The does bolted, and Versland thought his hunt was done. "I figured he'd follow them and that would be it for tonight." Instead, the buck walked toward Versland's old stand. "He stood staring at the tree for a good 5 to 10 minutes. I thought, 'He must know I sit there.'" Then the buck melted into the cattails. "For 5 minutes I was frantic, scanning for movement with my binoculars. I'd lost track of him. Then I heard a grunt." The buck was 60 yards away, walking down a trail that would put him right under Versland's stand.
He grabbed his bow and came to draw. "I put my sight on his shoulder and followed him down the trail. When he got right where I needed him to be, I gave a little 'braaaap,' and he stopped. I never saw whether he looked at me; I was focusing on his shoulder. I let the shot go and he dropped to his knees. He ran about 40 yards but I knew he was dead right there."

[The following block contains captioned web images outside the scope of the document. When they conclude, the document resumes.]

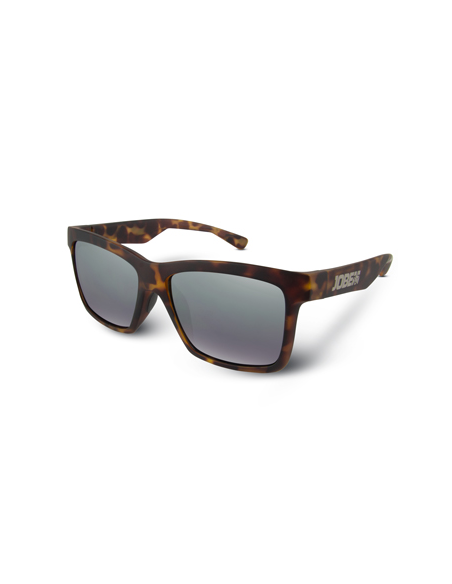 lunette-flottante-tortoise-smoke-jobe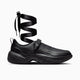 Jordan Women's Pointe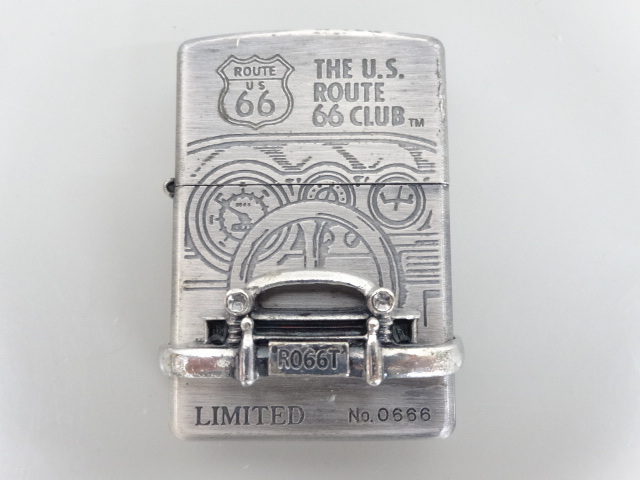 Yahoo!オークション -「ルート66 zippo」の落札相場・落札価格 Yahoo!オークション -「ルート66 zippo」の落札相場・落札価格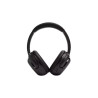 Fone De Ouvido JBL Tour One M2 Bluetooth Preto - JBLTOURONEM2BLK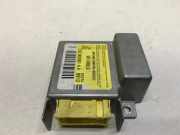 Airbag-Steuergerät FORD FIESTA III (GFJ) 1.1 94FG14B056BA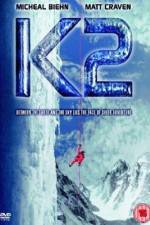 Watch K2 Movie25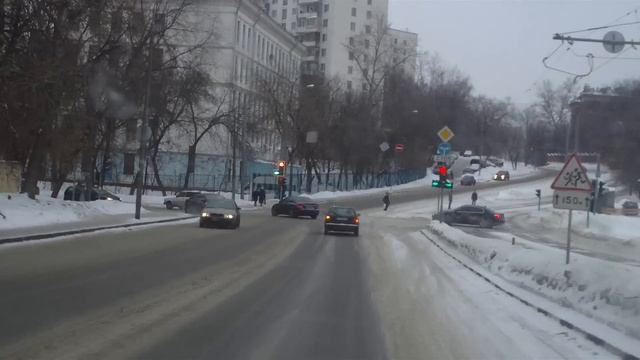 Sony bloggie MHS PM5K 1080p video test обзор тест видеокамеры Russia смотреть онлайн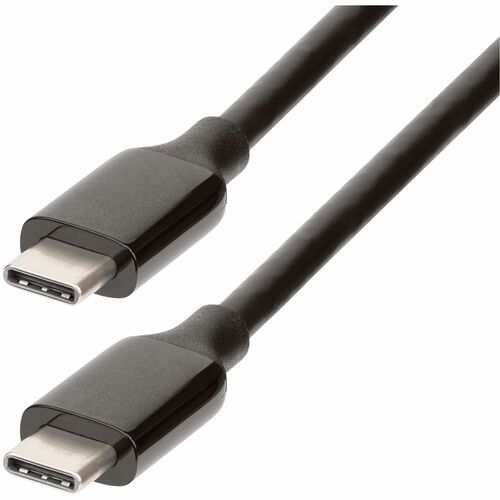 UCC-3M-10G-USB-CABLE - Startech.Com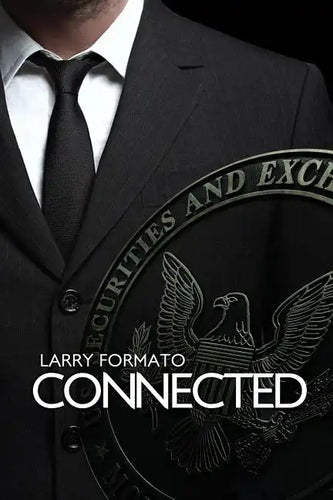 Connected - Paperback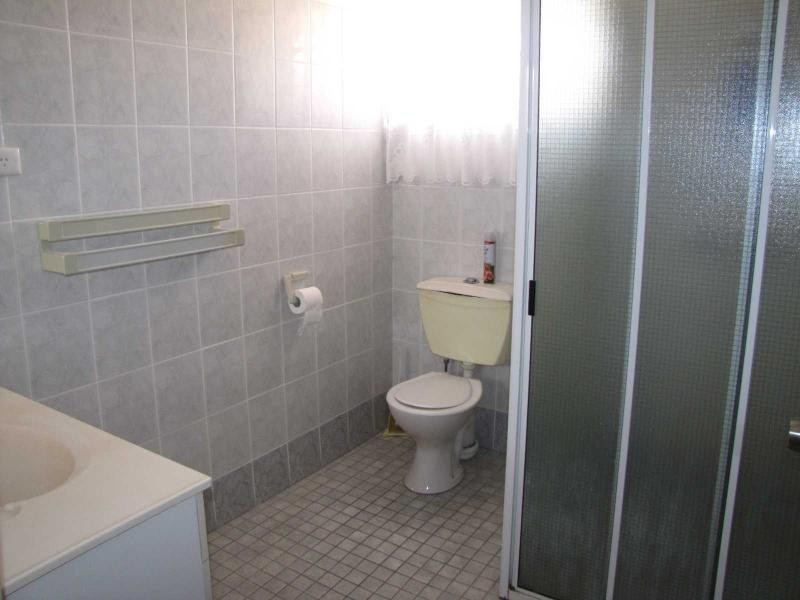 Unit 2/88 Wilmington Street, Ayr QLD 4807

"I was such a mess I couldn't get out of my tree. It was a tree I normally would never consider climbing, but it was all I could find. I had to go 26 feet up just to find a spot where I could sit level. I had to calm down before I climbed down." That didn't stop him from calling his wife and parents and texting a fellow teacher and hunter who is also assistant coach of the high school football team. "I sent a text right before the homecoming game saying I'd gotten the buck, and he came out after." Several of Versland's students, who had followed every development in the saga since he first discovered the buck, showed up, too.
Versland's parents were four hours away at their cabin. "I called them first, and as soon as my mom answered the first thing she said was, 'Did you get it?' She knew what time it was and where I'd be on a Friday night." Later he and his parents each drove two hours to meet in the middle so they could share his excitement at the hard-earned trophy.
"I think I'm ten times the hunter since I started shed hunting; it's amazing what you can learn about deer while doing it," says Versland, who later discovered that another hunter (whose trail cam photo is shown here) was hunting the same buck. "If I hadn't found his sheds I'd have never known about this deer, and if I hadn't kept finding sheds I don't think I'd have ever gotten close to him."